Yeah the map... I don't know... we spent literally 6 monthes of time going back and forth on map styles. This is what we could do with our time, money, and talent. I am a terrible, terrible artist and our maps either tended to be too abstract or too cartoonish. This was a good compromise, and I'm generally pleased with how it looks. Would we ever replace it? Procedural generation will REQUIRE a tileset to be functional, so that will necessarily produce an alternative map. Finding portrait artists is easy, but finding 2D tile artists who can capture the type of look and feel we want is surprisingly hard.
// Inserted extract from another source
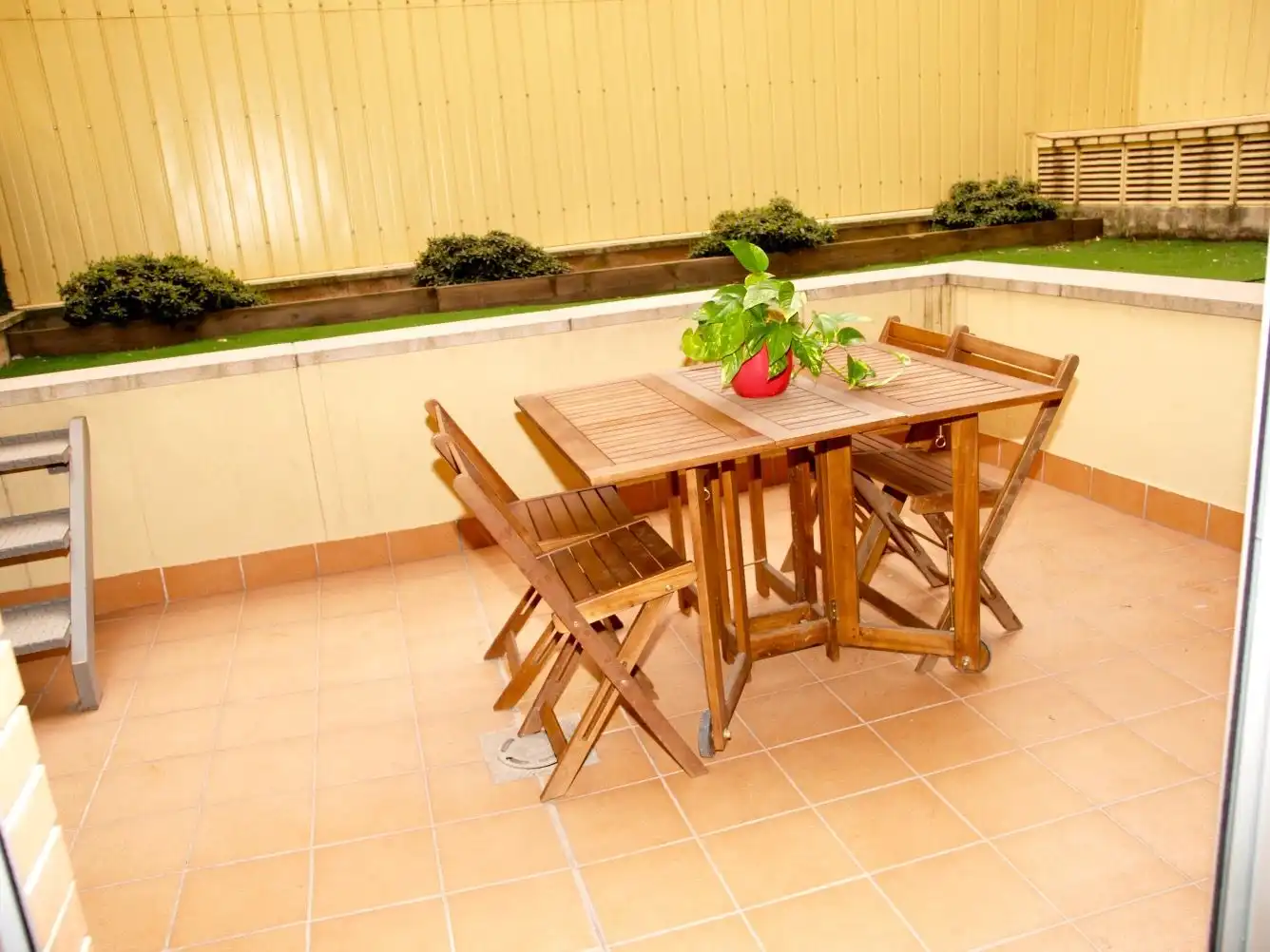 Terrace of Ground floor for rent in Ponent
On a side note, as much as I initially was wary of everyone wanting Procedural Generation, we did a POC this morning as I described it and I kind of am sold on the idea. The major hurdle is graphics - thankfully the POI system once again makes the kind of algorithms you need to do genealogical generation shockingly simple. Endless mode still doesn't really hold much of an appeal, but seems very popular - I'd love someone to try and sell me on the idea so I can better implement it.
Additional information on the Old Ones... I'm mixed? I do want, as you were saying, a bit of the mystery to their play - but in actuality their is a standard ability tree once you get in game so it may just be unnecessary obfuscation. I'll make a note on the Tester's feedback form to review, but it will be low priority because we obviously are cramped for time now. Maybe I'll just drop in the ability tree view as an overlay?
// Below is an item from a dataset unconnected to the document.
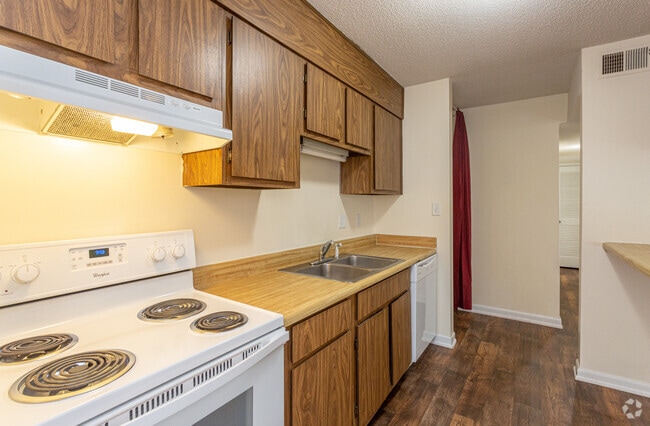 1BR, 1BA - 713 SF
The modding is simple, simple, simple - think of the Civ 4 In-Game editor, it's that easy. We dump to XML via helper classes for every object, and any serialized variable can be affected and called in the editor. We do NOT have Lua scripts currently supported, it was always our intention to go back and add that in but it has fallen by the wayside - but the level of functionality you could GENERALLY achieve with lua scripting is accessible in the editor. I think people will generally be happy with what they can achieve, and if not we have everything exposed so it's relatively trivial for us to extend modding support even further.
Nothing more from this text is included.